No one seemed to bat an eye at the gangly, knobby kneed blonde child who appeared to have no family of her own when she crashed other people’s family dinners.

One such gathering for my best friend’s cousin’s birthday celebration, my best friend and I blew off the grown ups and went to find a quiet spot to gossip about how hideously uncool said cousin was.

We quickly found our way into her aunt and uncle’s private oasis, the master bedroom. My friend immediately started snooping through their bookshelf, looking for a copy of the Joys of Sex; while I stood there paralyzed with fear of being found snooping.

My friend, not finding any sexy books other than a well dog-eared version of Lady Chatterley’s Lover, turned around to find me rooted to the floor with a strange look on my face.

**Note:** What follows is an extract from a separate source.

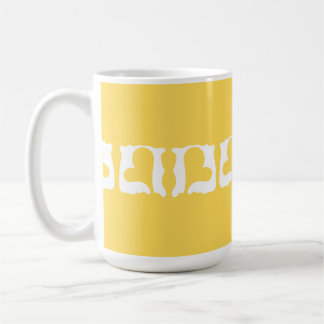 Mug Coeurs moutarde Jaune et Blanc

“What’s the matter Tanis?” she whispered, worried I had maybe spotted something gossip worthy like a vibrator or a pair of handcuffs. (She was a horny teenager. I myself had no such interest in other people’s perversions. That didn’t come until much later. Wink.)

“There is a framed picture of MacGyver on the night stand! With a plastic rose laying beneath it!”

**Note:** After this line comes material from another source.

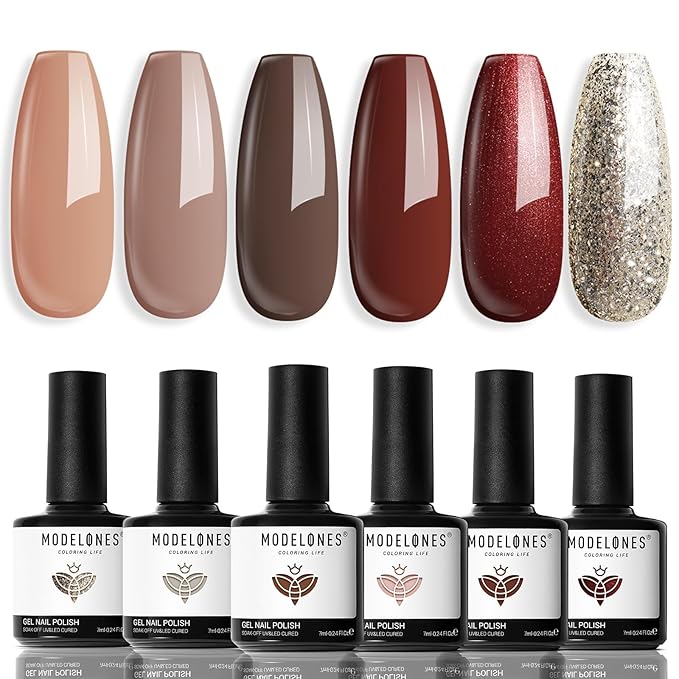 modelones Gel Nail Polish Set, 6 Colors Nude Brown Gel Polish Kit Glitter Champagne Gold Burgundy Wine Dark Red Nail Polish Soak OFF LED Manicure Nail Art DIY Home Salon Gift for Women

“Ya, my aunt has a thing for Richard Dean Anderson,” she quickly explained and then dismissed me to continue her hunt for some unknown treasure trove of sexual goodies.

It turned out that my friend’s aunt was Dicky’s biggest fan. She belonged to his fan club, never missed an episode of MacGyver and dreamed of him every night.

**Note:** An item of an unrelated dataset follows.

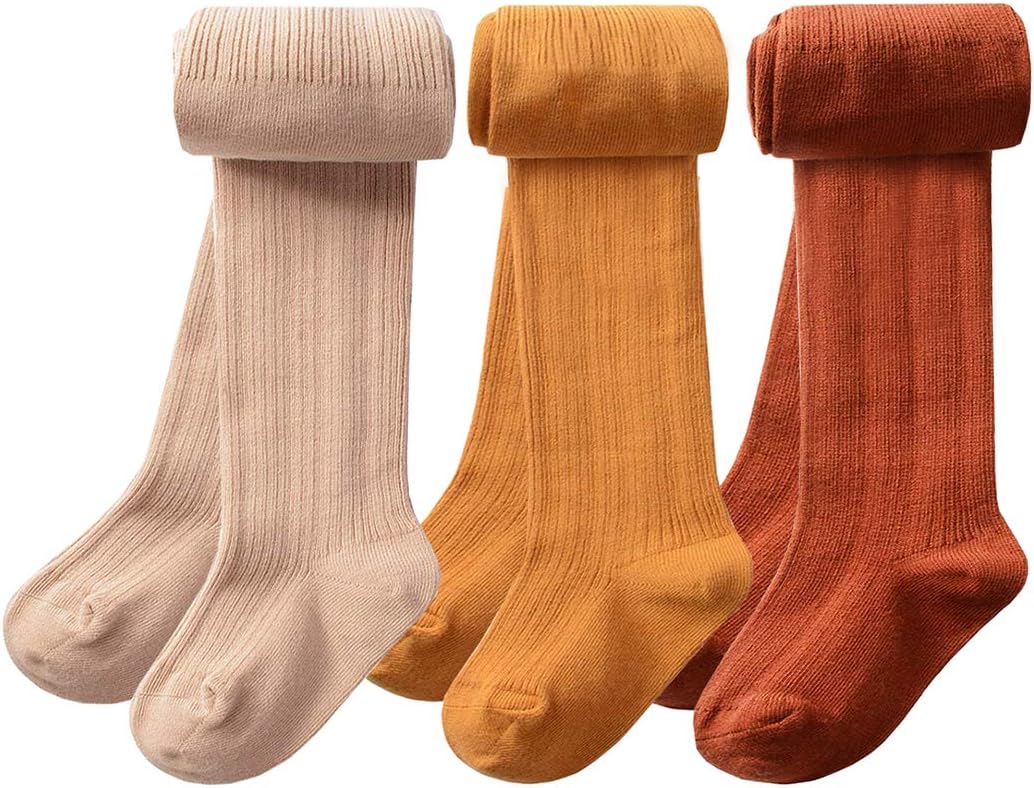 CHUNG Toddler Little Girls Cotton Tights Footed Thick Winter Cable Knit Legging Pantyhose Stocking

“Doesn’t your uncle mind having another man’s picture framed on the night stand beside his bed?” I asked. I was fairly certain my mom wouldn’t be able to get away with that shit in our house no matter how much she professed to love Elvis.

“Beats me. Now quit staring at MacGyver and help me get this shoe box down from the closet before we’re busted.”

We never were busted, nor did we find anything of interest other than the freakish photo framed on the bedside table.

I never understood why a grown woman could idolize another human being. I mean it’s one thing to hang posters of your heartthrobs on your walls as a teen but once you can legally vote, the posters should come down.

That was before one sunny afternoon when I stumbled on Avitable. Who was this handsome burly man who announced ‘tact is for pussies’? He spoke to the Redneck that lay deep within me. (Bound and gagged with duct tape and an old sock, sure, but she’s still in there.)

It didn’t take me long to realize Adam was the man blogger I had been searching for, what with his crass humour and penchant for posting naked pictures of himself. Here was a blog I wished I had the brass nuts to write myself. I found myself lurking, longer and longer every day, in the hopes of catching his attention.

When that didn’t work, I pulled out the big guns. I sent him a picture of some random Internet bimbo’s my boobs. That got his attention. And so marked the beginnings of a beautiful, slightly one-sided and clearly stalkerish relationship.

Call me Patty Bouvier, but Adam, you are my MacGyver.

I just wish my husband would stop throwing the picture I have of you on my bedside table into the trash.

Adam_Pool

Who wouldn’t want this mug staring at them when they wake up every morning?